_EXERCISE DESCRIPTION:_ Whatever comes before the line containing "1st image of 813 Baywood Ln" stays out; transcribe that line and all that follow to the end of the records exactly, with no pictures.

Records contained in a dataset:
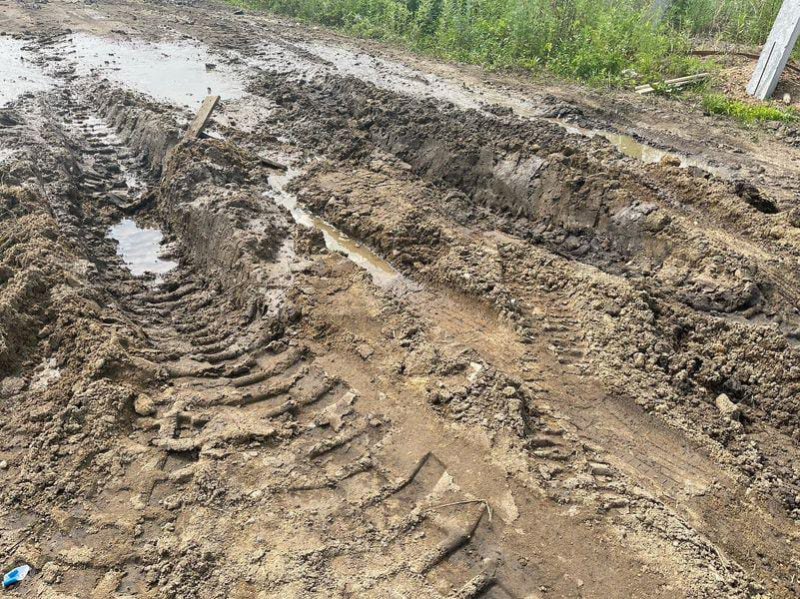 «Скорая отказывается подъезжать»: жители Чигирей жалуются на отсутствие проезда к своим домам  - 2x2.su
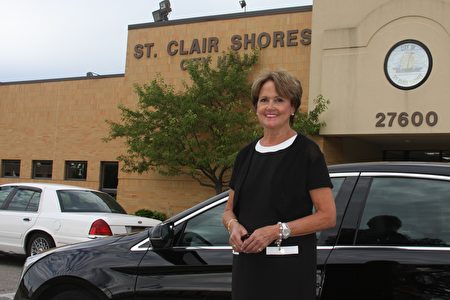 图说：美国密西根州圣克莱尔海岸（St. Clair Shores）市第65届阵亡将士纪念日活动主席Cheryl Furdos女士说，特别奖是由评审员们精挑细选出来的。必须是出类拔萃、超过所有其它的游行方阵才能获得此殊荣。（尹婉／大纪元）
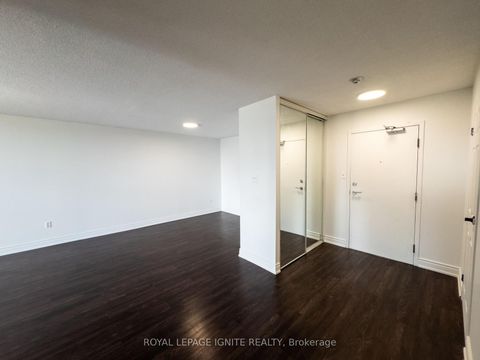 Photo 4 at 1010 - 5 Rowntree Road, Jamestown, Toronto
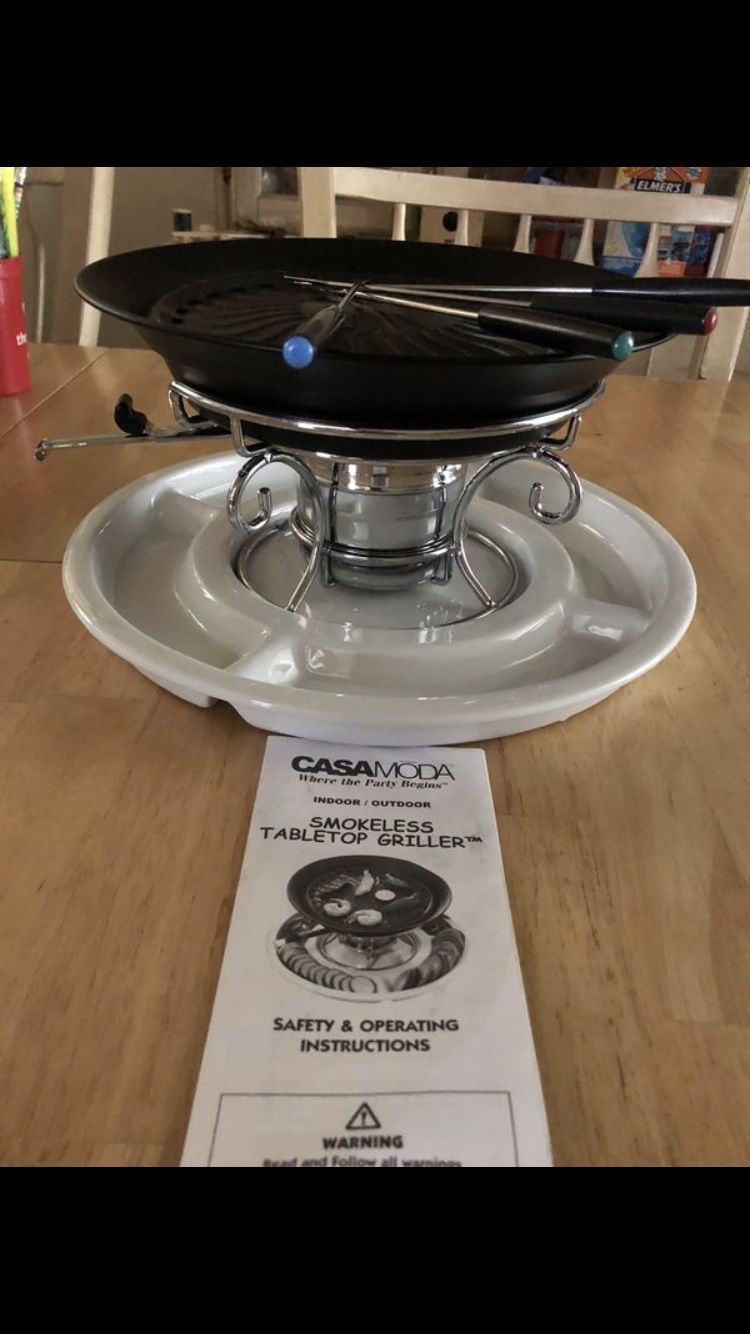 Casa Moda Indoor/Outdoor Smokeless Tabletop Grill with Ceramic Tray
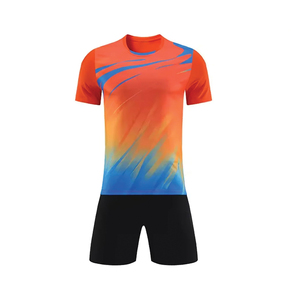 ชุดฟุตบอลแบบยูนิเซ็กซ์ แห้งเร็ว ราคาขายส่ง รับสั่งทำชุดวอลเลย์บอล เนื้อผ้านุ่ม ระบายอากาศได้ดี - Product Image 5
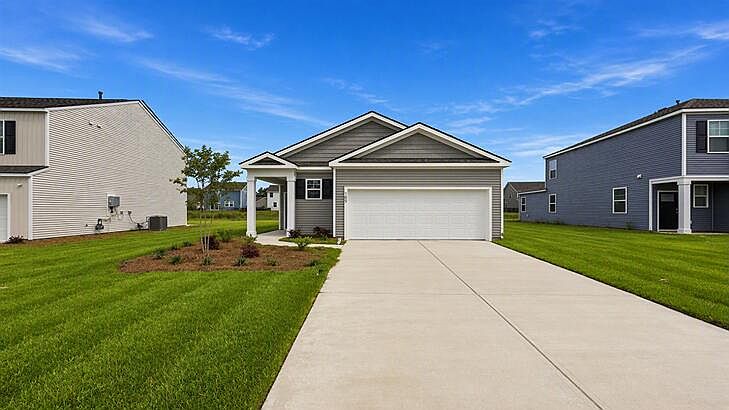 1st image of 813 Baywood Ln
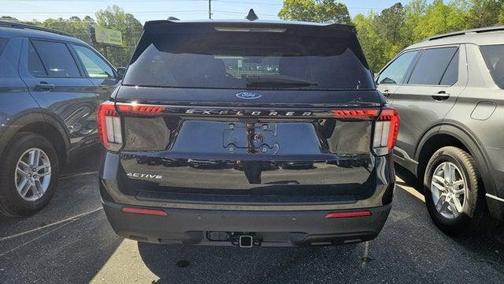 Agate Black Metallic 2026 Ford Explorer Active
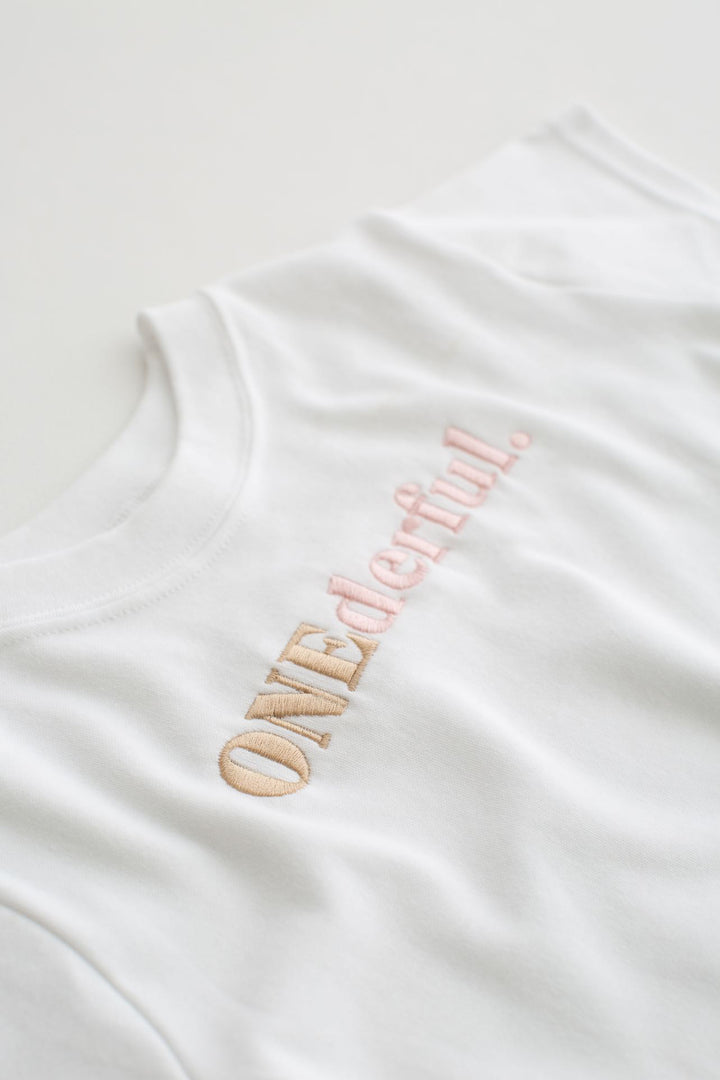 ONEderful classic Tshirt - Embroidered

_RESPONSE AREA:_
 1st image of 813 Baywood Ln
 Agate Black Metallic 2026 Ford Explorer Active
 ONEderful classic Tshirt - Embroidered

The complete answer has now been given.